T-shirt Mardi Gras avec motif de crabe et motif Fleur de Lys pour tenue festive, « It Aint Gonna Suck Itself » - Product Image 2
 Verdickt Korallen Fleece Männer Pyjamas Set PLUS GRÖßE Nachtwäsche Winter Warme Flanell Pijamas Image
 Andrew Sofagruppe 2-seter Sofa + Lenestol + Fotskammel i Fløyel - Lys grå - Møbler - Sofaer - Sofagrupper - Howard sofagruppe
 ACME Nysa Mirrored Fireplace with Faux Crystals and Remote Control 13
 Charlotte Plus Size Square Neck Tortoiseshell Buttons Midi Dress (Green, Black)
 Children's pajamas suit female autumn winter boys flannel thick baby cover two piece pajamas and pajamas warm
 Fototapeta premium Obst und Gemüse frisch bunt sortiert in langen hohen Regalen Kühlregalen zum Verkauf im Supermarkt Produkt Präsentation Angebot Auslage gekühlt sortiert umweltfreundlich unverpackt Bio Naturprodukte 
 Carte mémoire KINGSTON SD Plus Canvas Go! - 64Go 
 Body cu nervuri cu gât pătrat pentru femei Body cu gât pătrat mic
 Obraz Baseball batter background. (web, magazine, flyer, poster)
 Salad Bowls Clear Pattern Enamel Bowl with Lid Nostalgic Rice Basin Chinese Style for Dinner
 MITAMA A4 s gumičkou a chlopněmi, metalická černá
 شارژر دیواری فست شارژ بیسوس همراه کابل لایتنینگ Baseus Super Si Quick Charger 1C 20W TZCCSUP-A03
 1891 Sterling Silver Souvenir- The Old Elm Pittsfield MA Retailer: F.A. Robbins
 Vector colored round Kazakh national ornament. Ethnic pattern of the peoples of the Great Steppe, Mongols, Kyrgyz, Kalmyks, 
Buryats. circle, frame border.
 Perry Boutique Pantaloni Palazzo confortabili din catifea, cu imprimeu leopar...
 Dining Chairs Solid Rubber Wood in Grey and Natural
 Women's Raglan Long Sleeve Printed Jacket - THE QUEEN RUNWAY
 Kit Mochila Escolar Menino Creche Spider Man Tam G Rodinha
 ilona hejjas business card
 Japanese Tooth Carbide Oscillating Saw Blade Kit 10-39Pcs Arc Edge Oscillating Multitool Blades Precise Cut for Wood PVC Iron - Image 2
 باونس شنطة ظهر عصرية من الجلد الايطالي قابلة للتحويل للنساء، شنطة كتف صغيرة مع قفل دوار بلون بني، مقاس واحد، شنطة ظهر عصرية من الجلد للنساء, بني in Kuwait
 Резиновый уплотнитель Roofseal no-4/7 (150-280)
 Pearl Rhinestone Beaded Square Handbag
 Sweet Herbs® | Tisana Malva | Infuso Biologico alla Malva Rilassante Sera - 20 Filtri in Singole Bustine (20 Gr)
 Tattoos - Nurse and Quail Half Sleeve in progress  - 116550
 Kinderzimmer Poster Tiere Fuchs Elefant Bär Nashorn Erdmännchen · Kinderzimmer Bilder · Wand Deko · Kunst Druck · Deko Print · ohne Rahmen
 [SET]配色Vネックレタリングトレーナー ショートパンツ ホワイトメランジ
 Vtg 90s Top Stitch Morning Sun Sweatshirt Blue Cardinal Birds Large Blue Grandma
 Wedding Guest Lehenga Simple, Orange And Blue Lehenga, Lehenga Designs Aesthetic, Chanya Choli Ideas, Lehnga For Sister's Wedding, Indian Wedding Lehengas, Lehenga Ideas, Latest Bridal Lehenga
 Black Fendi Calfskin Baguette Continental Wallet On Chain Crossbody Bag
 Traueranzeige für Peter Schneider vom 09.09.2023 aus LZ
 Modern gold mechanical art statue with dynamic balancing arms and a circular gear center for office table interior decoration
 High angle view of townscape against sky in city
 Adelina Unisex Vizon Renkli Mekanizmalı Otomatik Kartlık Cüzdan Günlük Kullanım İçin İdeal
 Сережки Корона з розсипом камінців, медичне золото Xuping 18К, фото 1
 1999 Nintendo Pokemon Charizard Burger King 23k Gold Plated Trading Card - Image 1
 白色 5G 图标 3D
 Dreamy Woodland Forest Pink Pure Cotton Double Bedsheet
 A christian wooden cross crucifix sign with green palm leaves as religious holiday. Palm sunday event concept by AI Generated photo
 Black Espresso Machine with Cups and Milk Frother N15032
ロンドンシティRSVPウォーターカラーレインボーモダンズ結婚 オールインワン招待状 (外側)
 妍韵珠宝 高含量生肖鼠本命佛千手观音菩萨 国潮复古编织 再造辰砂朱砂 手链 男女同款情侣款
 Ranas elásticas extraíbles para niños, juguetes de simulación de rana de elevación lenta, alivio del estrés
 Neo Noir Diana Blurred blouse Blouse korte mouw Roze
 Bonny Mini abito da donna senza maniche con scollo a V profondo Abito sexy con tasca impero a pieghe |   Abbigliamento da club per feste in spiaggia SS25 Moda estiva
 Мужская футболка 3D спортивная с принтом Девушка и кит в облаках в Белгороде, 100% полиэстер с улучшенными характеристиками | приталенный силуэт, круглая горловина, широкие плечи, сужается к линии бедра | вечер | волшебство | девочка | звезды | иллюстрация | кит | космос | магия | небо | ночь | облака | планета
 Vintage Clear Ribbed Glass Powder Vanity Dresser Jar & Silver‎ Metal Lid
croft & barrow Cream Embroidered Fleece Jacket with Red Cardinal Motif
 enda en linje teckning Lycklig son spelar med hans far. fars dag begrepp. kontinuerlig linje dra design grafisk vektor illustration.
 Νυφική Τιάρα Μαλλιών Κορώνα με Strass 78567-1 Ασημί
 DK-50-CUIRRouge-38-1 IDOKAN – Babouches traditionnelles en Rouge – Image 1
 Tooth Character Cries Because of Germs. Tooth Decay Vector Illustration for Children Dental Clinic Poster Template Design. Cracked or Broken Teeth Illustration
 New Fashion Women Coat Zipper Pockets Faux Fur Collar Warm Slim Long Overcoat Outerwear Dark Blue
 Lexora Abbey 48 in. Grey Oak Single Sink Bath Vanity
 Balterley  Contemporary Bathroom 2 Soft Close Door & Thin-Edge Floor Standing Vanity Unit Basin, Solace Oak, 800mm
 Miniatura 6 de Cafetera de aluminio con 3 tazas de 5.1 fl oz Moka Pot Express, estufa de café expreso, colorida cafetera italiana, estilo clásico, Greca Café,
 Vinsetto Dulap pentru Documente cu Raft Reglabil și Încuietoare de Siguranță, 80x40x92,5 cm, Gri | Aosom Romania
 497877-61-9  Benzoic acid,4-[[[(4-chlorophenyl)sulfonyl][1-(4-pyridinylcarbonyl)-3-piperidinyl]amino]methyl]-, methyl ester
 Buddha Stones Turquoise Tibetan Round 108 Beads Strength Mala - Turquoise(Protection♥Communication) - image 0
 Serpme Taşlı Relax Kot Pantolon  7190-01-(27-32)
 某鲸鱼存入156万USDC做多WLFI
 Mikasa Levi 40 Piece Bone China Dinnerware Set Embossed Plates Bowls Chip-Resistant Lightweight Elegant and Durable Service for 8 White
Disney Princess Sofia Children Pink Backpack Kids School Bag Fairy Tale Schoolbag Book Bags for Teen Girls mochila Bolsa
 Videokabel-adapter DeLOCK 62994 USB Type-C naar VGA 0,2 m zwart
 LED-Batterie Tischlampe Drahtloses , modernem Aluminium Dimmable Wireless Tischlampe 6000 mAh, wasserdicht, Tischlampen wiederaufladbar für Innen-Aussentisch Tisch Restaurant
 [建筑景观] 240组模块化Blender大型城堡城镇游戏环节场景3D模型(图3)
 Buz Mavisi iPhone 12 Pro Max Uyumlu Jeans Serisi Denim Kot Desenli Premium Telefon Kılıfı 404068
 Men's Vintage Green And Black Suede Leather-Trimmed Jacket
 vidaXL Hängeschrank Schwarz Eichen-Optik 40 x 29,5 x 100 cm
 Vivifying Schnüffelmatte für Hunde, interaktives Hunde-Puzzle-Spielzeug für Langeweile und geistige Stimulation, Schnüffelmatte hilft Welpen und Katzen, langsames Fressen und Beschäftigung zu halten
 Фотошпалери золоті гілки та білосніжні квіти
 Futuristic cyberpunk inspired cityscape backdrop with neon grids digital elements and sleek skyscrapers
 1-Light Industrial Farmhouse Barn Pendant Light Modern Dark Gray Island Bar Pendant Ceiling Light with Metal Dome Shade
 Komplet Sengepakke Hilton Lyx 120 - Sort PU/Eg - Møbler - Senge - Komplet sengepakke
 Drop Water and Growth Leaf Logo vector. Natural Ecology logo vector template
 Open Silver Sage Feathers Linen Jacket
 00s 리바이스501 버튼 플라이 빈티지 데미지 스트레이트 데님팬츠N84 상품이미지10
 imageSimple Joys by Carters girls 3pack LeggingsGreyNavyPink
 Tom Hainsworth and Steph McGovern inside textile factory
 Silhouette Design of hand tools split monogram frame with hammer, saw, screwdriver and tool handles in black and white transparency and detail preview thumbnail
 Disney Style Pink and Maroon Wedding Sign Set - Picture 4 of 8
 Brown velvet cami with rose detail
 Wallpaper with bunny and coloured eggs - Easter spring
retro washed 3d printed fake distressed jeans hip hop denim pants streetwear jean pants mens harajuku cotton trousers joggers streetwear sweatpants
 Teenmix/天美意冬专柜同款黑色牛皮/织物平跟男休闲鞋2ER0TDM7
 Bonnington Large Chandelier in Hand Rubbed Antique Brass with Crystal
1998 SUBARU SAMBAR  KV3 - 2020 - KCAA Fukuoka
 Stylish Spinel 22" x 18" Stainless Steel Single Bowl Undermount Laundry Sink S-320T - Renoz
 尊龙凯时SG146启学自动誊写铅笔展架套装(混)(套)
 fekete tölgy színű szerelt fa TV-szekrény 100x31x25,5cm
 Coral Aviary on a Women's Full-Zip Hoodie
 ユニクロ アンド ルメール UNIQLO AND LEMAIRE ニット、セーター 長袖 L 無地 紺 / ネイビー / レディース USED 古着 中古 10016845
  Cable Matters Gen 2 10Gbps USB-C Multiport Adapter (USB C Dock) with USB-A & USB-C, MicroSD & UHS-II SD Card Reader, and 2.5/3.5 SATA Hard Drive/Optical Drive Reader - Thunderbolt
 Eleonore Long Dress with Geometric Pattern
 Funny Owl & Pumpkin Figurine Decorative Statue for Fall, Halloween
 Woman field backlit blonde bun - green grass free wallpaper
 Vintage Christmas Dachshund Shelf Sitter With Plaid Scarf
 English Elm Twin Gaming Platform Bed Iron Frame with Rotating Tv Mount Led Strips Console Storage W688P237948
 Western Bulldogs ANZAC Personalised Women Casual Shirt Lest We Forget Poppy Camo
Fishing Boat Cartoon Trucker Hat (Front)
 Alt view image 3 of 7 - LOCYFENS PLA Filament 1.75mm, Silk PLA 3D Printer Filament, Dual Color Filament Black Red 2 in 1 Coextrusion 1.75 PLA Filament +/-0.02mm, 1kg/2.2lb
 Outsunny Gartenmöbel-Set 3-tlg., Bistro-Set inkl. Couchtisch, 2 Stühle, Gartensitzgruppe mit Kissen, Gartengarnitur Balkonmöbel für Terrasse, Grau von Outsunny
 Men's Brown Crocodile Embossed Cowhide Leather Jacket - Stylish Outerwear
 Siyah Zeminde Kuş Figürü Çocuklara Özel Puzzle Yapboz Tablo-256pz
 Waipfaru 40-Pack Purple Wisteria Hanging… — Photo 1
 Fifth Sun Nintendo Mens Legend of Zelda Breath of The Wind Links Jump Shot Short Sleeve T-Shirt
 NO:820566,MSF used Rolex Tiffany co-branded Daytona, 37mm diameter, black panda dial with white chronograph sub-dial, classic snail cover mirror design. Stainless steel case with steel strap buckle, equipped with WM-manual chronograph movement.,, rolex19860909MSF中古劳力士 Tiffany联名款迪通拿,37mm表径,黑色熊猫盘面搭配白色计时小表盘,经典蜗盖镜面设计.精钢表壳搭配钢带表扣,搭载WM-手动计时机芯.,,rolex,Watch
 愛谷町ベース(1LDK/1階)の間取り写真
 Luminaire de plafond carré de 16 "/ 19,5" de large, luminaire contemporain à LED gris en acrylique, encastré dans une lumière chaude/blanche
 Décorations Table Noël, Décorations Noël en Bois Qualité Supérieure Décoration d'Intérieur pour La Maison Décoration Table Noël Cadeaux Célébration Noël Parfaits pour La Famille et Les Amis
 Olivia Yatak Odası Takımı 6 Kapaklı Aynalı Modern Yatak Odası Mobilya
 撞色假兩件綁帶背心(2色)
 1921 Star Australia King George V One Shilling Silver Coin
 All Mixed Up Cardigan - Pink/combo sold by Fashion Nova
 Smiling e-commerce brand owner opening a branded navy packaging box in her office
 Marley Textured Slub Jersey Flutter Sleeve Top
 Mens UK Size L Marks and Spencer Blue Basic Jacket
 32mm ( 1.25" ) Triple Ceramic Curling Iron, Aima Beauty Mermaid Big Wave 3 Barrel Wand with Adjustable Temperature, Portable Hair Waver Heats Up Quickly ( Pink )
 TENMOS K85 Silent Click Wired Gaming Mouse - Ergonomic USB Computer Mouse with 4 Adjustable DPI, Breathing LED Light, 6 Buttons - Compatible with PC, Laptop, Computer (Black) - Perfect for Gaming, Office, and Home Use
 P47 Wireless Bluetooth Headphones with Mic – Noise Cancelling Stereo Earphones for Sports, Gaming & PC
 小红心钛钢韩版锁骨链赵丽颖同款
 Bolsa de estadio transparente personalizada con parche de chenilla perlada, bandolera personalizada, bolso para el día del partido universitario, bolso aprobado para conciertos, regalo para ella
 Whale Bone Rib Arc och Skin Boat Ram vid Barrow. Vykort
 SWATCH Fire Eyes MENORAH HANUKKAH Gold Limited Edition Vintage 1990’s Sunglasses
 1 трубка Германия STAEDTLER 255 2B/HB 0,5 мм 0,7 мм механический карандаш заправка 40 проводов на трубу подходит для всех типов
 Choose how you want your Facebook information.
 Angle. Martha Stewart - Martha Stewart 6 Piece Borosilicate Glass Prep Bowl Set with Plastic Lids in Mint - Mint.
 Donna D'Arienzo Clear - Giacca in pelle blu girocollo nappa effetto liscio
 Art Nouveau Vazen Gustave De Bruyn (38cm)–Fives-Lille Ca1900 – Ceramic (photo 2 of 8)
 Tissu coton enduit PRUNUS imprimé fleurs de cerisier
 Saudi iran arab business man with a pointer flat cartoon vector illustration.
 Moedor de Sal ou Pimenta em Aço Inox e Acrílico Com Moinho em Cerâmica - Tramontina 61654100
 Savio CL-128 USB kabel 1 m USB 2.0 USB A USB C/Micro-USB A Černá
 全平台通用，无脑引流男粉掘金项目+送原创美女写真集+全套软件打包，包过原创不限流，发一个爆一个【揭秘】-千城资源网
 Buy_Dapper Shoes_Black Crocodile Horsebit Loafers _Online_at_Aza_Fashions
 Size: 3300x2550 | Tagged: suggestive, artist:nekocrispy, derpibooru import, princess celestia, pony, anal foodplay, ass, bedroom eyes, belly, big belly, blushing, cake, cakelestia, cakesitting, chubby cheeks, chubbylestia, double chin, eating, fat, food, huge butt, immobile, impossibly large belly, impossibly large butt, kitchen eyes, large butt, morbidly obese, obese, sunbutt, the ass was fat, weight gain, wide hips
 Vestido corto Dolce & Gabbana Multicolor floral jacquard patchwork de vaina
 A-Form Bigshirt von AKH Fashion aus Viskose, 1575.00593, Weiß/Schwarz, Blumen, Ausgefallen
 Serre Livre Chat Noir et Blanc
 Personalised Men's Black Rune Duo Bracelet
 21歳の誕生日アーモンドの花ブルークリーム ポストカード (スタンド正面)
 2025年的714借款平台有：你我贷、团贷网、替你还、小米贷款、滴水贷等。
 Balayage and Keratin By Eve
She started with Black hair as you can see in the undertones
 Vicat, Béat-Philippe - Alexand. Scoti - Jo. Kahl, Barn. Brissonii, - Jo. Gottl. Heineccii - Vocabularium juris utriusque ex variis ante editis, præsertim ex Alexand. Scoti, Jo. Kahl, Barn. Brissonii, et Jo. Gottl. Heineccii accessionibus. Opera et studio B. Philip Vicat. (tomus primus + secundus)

## [The problem]
In the listing above, find the line holding "SWATCH Fire Eyes" and the line holding "Savio CL-128 USB", then output those two lines and every line between them exactly.

## [Output below]
 SWATCH Fire Eyes MENORAH HANUKKAH Gold Limited Edition Vintage 1990’s Sunglasses
 1 трубка Германия STAEDTLER 255 2B/HB 0,5 мм 0,7 мм механический карандаш заправка 40 проводов на трубу подходит для всех типов
 Choose how you want your Facebook information.
 Angle. Martha Stewart - Martha Stewart 6 Piece Borosilicate Glass Prep Bowl Set with Plastic Lids in Mint - Mint.
 Donna D'Arienzo Clear - Giacca in pelle blu girocollo nappa effetto liscio
 Art Nouveau Vazen Gustave De Bruyn (38cm)–Fives-Lille Ca1900 – Ceramic (photo 2 of 8)
 Tissu coton enduit PRUNUS imprimé fleurs de cerisier
 Saudi iran arab business man with a pointer flat cartoon vector illustration.
 Moedor de Sal ou Pimenta em Aço Inox e Acrílico Com Moinho em Cerâmica - Tramontina 61654100
 Savio CL-128 USB kabel 1 m USB 2.0 USB A USB C/Micro-USB A Černá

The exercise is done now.